Even if the orderly, Baroque-flavored Cascade (1999) were nothing more than its glossy surface, the new dance that followed it, Fiends Angelical, made the audience uncomfortable long after its initial offenses wore off. This was good, I thought. Taylor can be deceptively ingratiating, and the modern audience, having been indoctrinated by a world of technically polished and empty dances, can get so pleased with the Taylor dancers' accomplishments that his misanthropic undertones go undetected. His particular blend of syrup and vitriol prevents the audience from becoming too complacent, too familiar.

The fiendish piece smacked open with the high-pitched, grating chords of George Crumb's Dark Angels, a sudden flood of harsh light (by Jennifer Tipton), and there in the glare a bunch of -- what? creatures? -- in flesh-colored leotards banded with multicolored tape and black nappy Afro-wigs with red headbands. (Santo Loquasto was responsible for the costumes.) The creatures are virtually unisex, and they might represent some kind of stereotypical primitives, a clutch of pickaninnies squatting on the ground, then springing up with kinked legs and arms. I think it's the wigs that establish these unfortunate associations, but maybe they'll be eliminated once the dance has been road-tested.

Francie Huber, in a sarong, dreadlocks, and cunning brown horns, seemed to preside over the populace. My mind was ticking back to several other Taylor dances where a strong and mysterious female instructs, tests, and finally transforms a bunch of communicants, usually bringing them some kind of enlightenment. And I thought of his enigmatic Runes (1975), where everyone was potentially a shaman and the rituals seemed desolate, even pointless.

In Fiends Angelical, the rabble surge across the stage with heavy feet and clawed hands, forming clumpy circles and two-dimensional groupings. Lisa Viola and Patrick Corbin emerge to do a duet of snarling intimacy and a demonic softshoe. They finish by choking each other to the ground. Huber performs incantations over them and eventually the other dancers draw a thin red ribbon out from the midst of their crumpled bodies. I suppose this symbolizes an exorcism -- the opposite of the ribbon of hatred that Medea swallows in Martha Graham's Cave of the Heart as she incites herself to revenge.

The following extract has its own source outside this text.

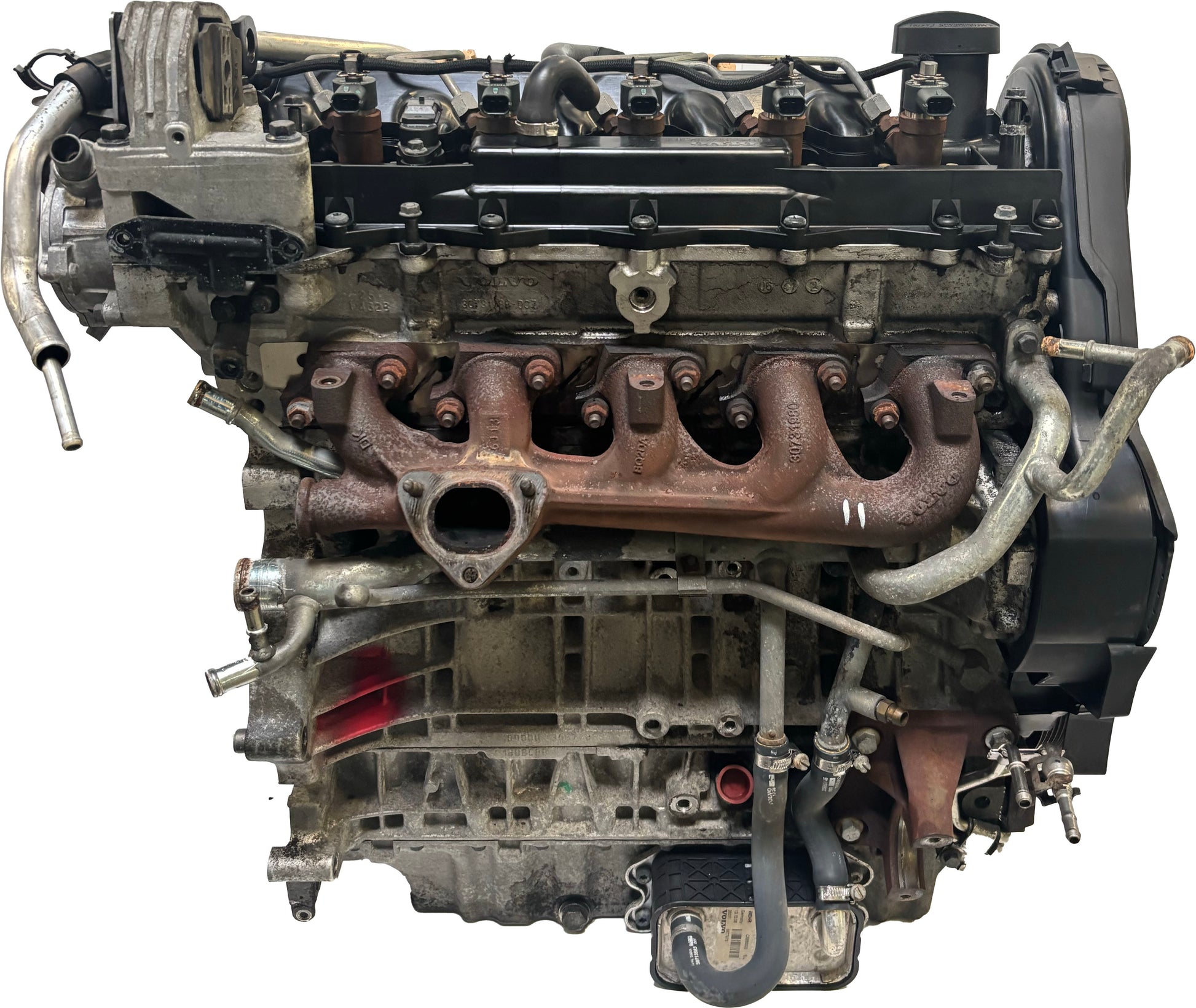 Moteur Pour Volvo XC90 I 275 2,4 D5 AWD D5244T 8251492 d'occasion - Moteur Auto Usagé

The group pull the ribbon out into a five-pointed star, so that they all partake of its healing power. Corbin and Viola dance a formal kind of rededication to each other, and finally the group return, still in distorted postures but floppy, relaxed. Huber shows them how to lift their arms, and the dance ends as they seem to be testing new wings.

The other important event of the Taylor company's two programs was the revival of Big Bertha, his bloodcurdling view of Americana from 1970. With a vigorous cast of young dancers (Kristi Egtvedt as Big Bertha the mechanical band machine and Orion Duckstein, Heather Berest, and Annmaria Mazzini as the doomed tourist family), the piece holds up as perhaps the best and bitterest satire ever choreographed. I thought of it as the inverse of Fiends Angelical, a process of dissipation, the ruin of innocence rather than its restoration.

Taylor is a big fan of American artifacts -- music, dances, movies -- and he found the music for Big Bertha in the St. Louis Melody Museum. Band machines predated the jukebox. They were like extravagant music boxes or player pianos: you inserted your nickel to start a tape with the notes punched in it, and as the tape rolled through the machine, it activated a piano or organ, and sometimes a whole gang of other instruments, all thumping away without the benefit of human operators. Big Bertha is a life-size drum majorette, padded and corseted 1890s style, who decorates the front of the gaudy band machine. Taylor endows her with the mean, raunchy soul of a dominatrix. When the customer puts in his money, she jerks into action, keeping time to the music with a baton and a robotic goosestep. Furtively, alarmingly, she coughs, belches, scratches between her shoulder blades with the baton. Something about these too-human actions seems sinister, and you remember that just a minute ago, when the curtain opened, three wounded figures you hardly noticed were scrambling away and didn't return.

A sweet, typical America family do arrive: dad in loafers and an untucked flowered shirt, prim and pretty mom, and little daughter in a pink circle skirt with appliqué'd poodle. They start the machine and Big Bertha seems to eye them with anticipation. As she wields her baton, they start to dance. Daughter shows off a little. Pleased, mom and dad do a few steps from when they were kids. Bertha eggs them on, singling out dad for special commands. Things start to go out of control. Dad stomps heavily into the floor, and his arms go loose. He tries to pull mom into a sexy dance. When she hesitates, he slaps her. He pats daughter on the shoulder, a little too appreciatively. She's shocked but kind of likes it. The good clean fun goes carnal. While dad drags the daughter behind the machine, mom pulls off her wedding ring and does a lascivious shimmy. Big Bertha plays "Take Me out to the Ballgame" and "My Blue Heaven" and "The Old Piano Roll Blues." When everybody's exhausted and degraded, Bertha takes dad as her partner, prodding him into a stiff duet of robot love.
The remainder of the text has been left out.